As it’s Friday, I was planning to write a light-hearted piece on safety critical communications, but that can wait for another time. The Rail Accident Report from the derailment of a Docklands Light Railway train in 2009 has recently arrived in my in-tray and I thought I’d write something on that.
As usual with incident or accident reports, there is some significant human factors learning.
If you skip down to the recommendations section, you might miss some important elements in the report regarding the display of information to the controllers. Check out paragraph 68 onwards for a look at some of the issues with the displays and the alarm systems.
Both the displays and the alarms allowed the controller to filter information regarding the current operational state. In the case of the graphics, the controller has the option to turn off levels of detail, including some important details as to which block of track the train occupies (paragraph 77). Importantly, there is no guidance or procedural support for the controller regarding what to display and in which mode.
At the same time as looking at the overview graphic, the controller had the alarm screen in view. He had selected the view mode to only display high priority alarms. You can hardly blame him; in the hour leading up to the incident a total of 1500 alarms had been recorded. In selecting high priority, he limited the number of alarms he had to deal with to a mere 520! The point position indicator alarms were not high priority and therefore didn’t indicate. Again, he was blind to significant data.
There was no support for the controller in how to use the alarm filters, and no alarm response manual or other support on responding to alarms.
As with the graphics, if we allow multiple modes of data presentation, we need to ensure that the process remains operable and safe when information is withheld. In this case, filtering on priority was just too crude a technique.
If we give our personnel options regarding the operation of the control system it is important that we train people properly on the consequences of any filters or display modes that they may use. ‘Declutter’ or filter modes of display are increasingly common as a way of managing large volumes of data which may confuse or swamp the operator. In many ways these types of solutions are an easy way out for the designer of the interface. It gives a superficial feeling of control, but unless the consequences of operating in the degraded mode are properly thought through, we risk compromising real situational awareness. In this case, real and valuable information was withheld from the controller by the system as a consequence of the application of data filters.
We shouldn’t be assuming that operators understand the operation and implication of the interfaces and tools we give them. We need to train them and ensure that they remain competent in this important area. That’s why we run an ‘alarms for operators’ course.

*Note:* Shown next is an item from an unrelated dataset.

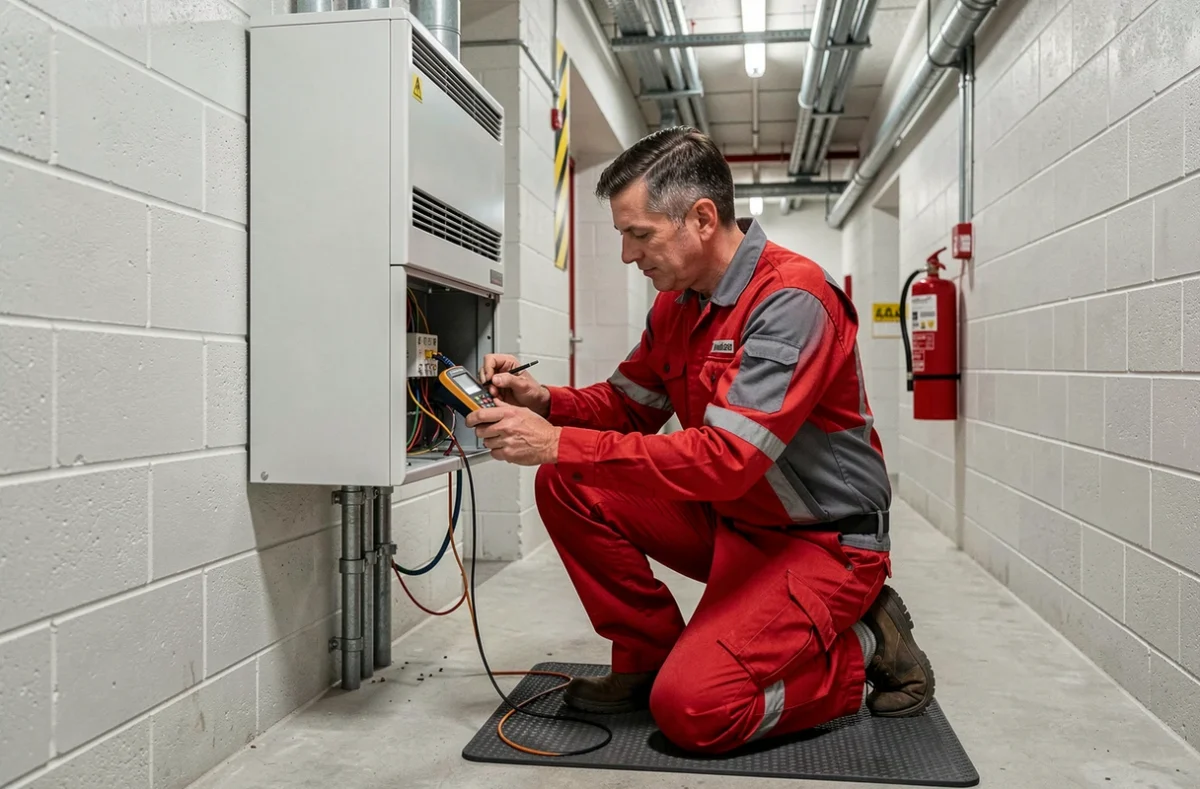 Technicien de Scedac effectuant la maintenance d'un équipement de chauffage commercial dans les Yvelines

It might be worth looking at how your operators are using their interface and revisiting your alarm summary screens.
Those readers who have been on my Human Factors course will know how important the handover is between operators (in this case, controllers). Take a look at paragraph 95 for some commentary on the handovers and the workload pressure at the time. I’m surprised that this didn’t make the summary and recommendations sections of the report.
There’s a lot more in the report that merits attention. Positioning and design of indicators, use of procedures, communications, competence, and (as usual) management and culture all play their part. The report makes interesting reading.